ROANOKE TIMES

                         Roanoke Times
                 Copyright (c) 1995, Landmark Communications, Inc.

DATE: WEDNESDAY, October 20, 1993                   TAG: 9403180010
SECTION: EDITORIAL                    PAGE: A-10   EDITION: METRO 
SOURCE: 
DATELINE:                                 LENGTH: Short


CRIME BUSTER

FAMILIES with several children and only one TV set may sympathize.

The boob tube blares night and day, and some say the volume is too high and some say it's too low, and some want to watch Oprah and some want to watch Donahue, and some say one more spin of the "Wheel of Fortune" will drive them up the wall.

But does a constant cacophony of television constitute cruel and unusual punishment?

Inmates at Virginia's Nottoway Correctional Center say it does.
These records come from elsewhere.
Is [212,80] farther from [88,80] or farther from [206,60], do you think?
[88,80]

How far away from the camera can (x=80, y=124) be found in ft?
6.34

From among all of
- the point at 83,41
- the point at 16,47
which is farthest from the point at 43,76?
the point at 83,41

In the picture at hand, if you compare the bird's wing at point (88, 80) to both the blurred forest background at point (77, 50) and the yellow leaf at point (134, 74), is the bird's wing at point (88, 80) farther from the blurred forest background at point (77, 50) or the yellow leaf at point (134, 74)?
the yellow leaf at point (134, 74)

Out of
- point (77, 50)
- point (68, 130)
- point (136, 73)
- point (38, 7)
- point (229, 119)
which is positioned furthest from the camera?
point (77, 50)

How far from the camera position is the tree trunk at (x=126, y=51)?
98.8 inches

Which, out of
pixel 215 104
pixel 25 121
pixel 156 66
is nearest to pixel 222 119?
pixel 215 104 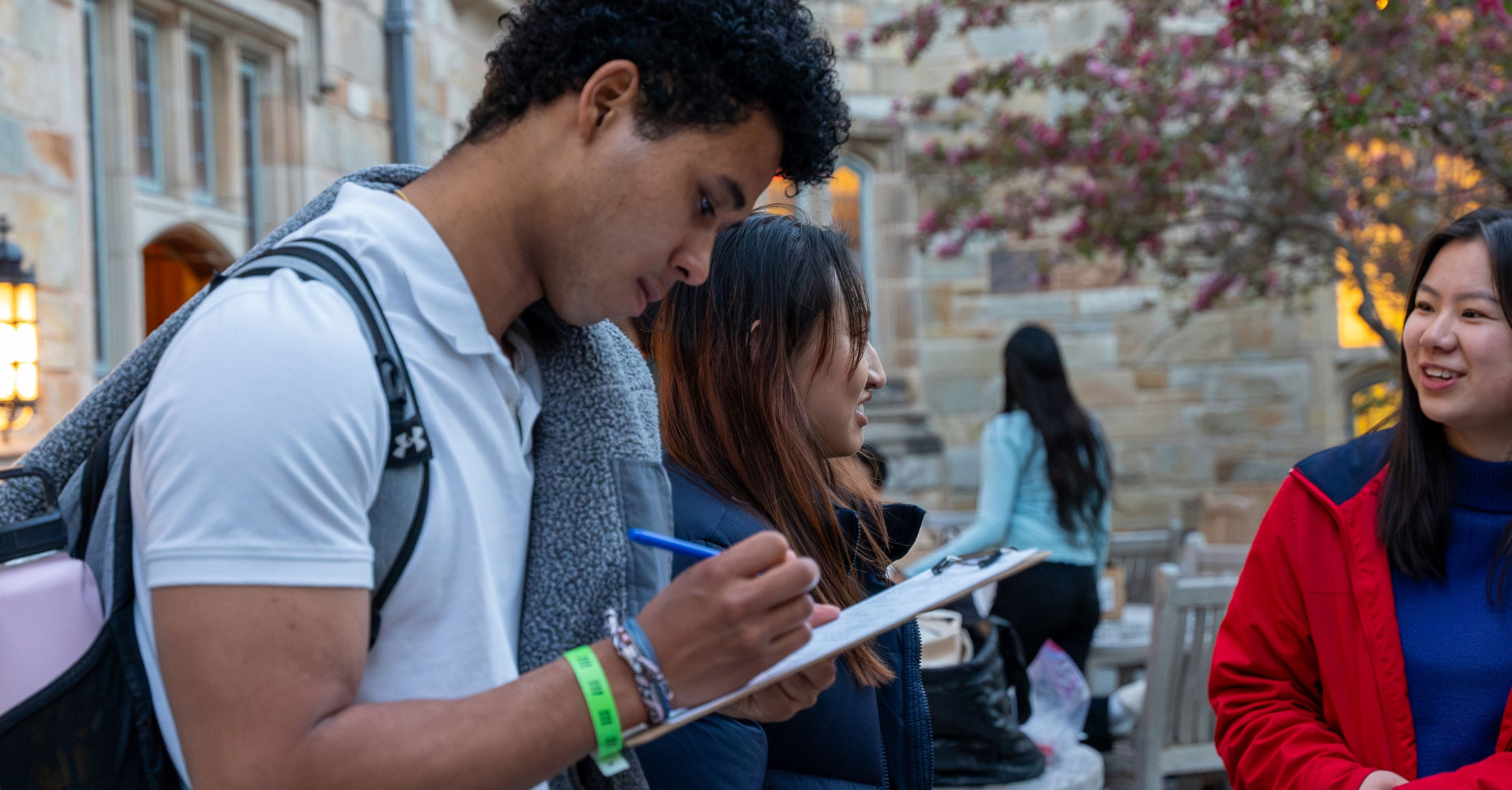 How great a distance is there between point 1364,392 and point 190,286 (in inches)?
286

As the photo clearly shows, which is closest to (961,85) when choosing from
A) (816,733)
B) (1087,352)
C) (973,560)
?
(1087,352)

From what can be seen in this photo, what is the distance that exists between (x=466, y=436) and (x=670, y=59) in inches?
13.9

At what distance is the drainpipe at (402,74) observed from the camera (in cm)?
494

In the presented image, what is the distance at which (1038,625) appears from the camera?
13.3 ft

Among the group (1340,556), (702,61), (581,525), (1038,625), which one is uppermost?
(702,61)

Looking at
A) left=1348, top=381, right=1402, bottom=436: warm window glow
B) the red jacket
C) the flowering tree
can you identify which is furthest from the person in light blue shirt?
left=1348, top=381, right=1402, bottom=436: warm window glow

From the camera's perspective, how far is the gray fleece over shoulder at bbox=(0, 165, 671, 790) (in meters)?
0.96

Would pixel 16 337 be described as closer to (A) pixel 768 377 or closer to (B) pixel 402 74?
(B) pixel 402 74

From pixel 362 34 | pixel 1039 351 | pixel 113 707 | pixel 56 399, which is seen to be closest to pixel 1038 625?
pixel 1039 351

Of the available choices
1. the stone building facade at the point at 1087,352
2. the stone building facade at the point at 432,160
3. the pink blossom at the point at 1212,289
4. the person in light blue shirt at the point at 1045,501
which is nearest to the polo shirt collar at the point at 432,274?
the stone building facade at the point at 432,160

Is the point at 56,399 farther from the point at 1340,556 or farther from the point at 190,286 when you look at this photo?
Answer: the point at 1340,556

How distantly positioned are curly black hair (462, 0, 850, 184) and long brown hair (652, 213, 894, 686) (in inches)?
25.4

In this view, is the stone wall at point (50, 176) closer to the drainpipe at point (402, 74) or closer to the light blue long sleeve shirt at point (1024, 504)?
the drainpipe at point (402, 74)

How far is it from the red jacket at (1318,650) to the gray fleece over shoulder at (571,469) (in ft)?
3.81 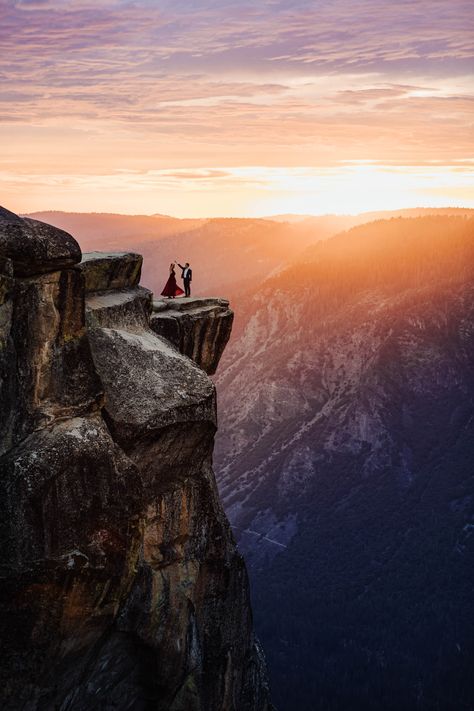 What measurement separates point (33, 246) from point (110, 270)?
7.85 metres

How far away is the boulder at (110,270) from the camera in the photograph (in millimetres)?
30405

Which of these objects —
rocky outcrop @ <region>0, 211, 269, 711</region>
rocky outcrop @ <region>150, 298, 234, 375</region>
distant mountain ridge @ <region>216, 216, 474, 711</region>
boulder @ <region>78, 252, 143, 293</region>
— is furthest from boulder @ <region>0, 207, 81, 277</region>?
distant mountain ridge @ <region>216, 216, 474, 711</region>

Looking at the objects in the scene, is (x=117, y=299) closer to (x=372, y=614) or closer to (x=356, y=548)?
(x=372, y=614)

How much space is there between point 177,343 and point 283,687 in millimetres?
114255

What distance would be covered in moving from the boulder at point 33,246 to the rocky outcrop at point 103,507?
7cm

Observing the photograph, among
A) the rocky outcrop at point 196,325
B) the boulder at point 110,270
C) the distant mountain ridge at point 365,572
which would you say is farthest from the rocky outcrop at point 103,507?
the distant mountain ridge at point 365,572

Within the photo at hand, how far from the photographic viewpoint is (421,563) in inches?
6388

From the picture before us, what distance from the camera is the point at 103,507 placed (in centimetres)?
2336

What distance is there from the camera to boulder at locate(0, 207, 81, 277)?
75.7 feet

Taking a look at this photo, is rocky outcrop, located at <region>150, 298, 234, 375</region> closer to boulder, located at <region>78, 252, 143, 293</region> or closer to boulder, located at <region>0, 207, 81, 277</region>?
boulder, located at <region>78, 252, 143, 293</region>

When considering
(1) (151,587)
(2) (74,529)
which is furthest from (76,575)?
(1) (151,587)

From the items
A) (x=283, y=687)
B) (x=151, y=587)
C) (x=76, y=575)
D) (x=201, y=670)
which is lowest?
(x=283, y=687)

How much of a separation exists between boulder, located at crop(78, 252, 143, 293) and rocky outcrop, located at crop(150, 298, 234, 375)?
2.19 meters

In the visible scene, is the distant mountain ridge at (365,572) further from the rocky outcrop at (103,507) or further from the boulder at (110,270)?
the boulder at (110,270) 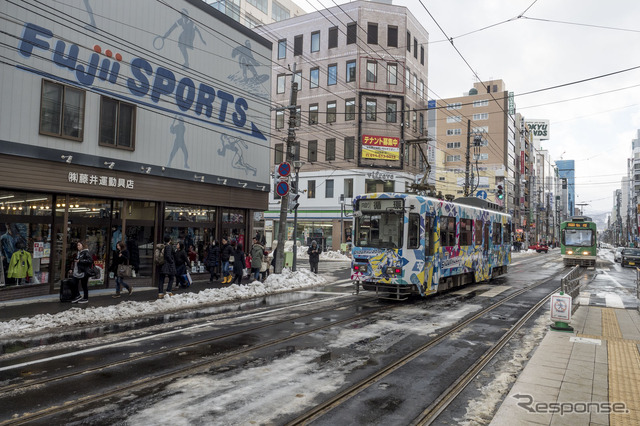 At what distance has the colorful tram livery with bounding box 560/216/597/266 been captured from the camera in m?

They say they're a captive audience to 151/2 hours a day of mindless television - 17 hours a day on weekends - and it is causing migraines, hypertension, sleep loss and even ear infections from ear plugs. They've filed a lawsuit asking the U.S. District Court in Norfolk to make prison officials turn the darn thing off and pay each of them $800,000 in damages.

We're not saying they have much of a case, but would-be crooks ought to take note.

Run afoul of the law and you, too, may be sentenced to a steady diet of "Welcome Back Kotter" reruns. If that's not a deterrent to crime, what is?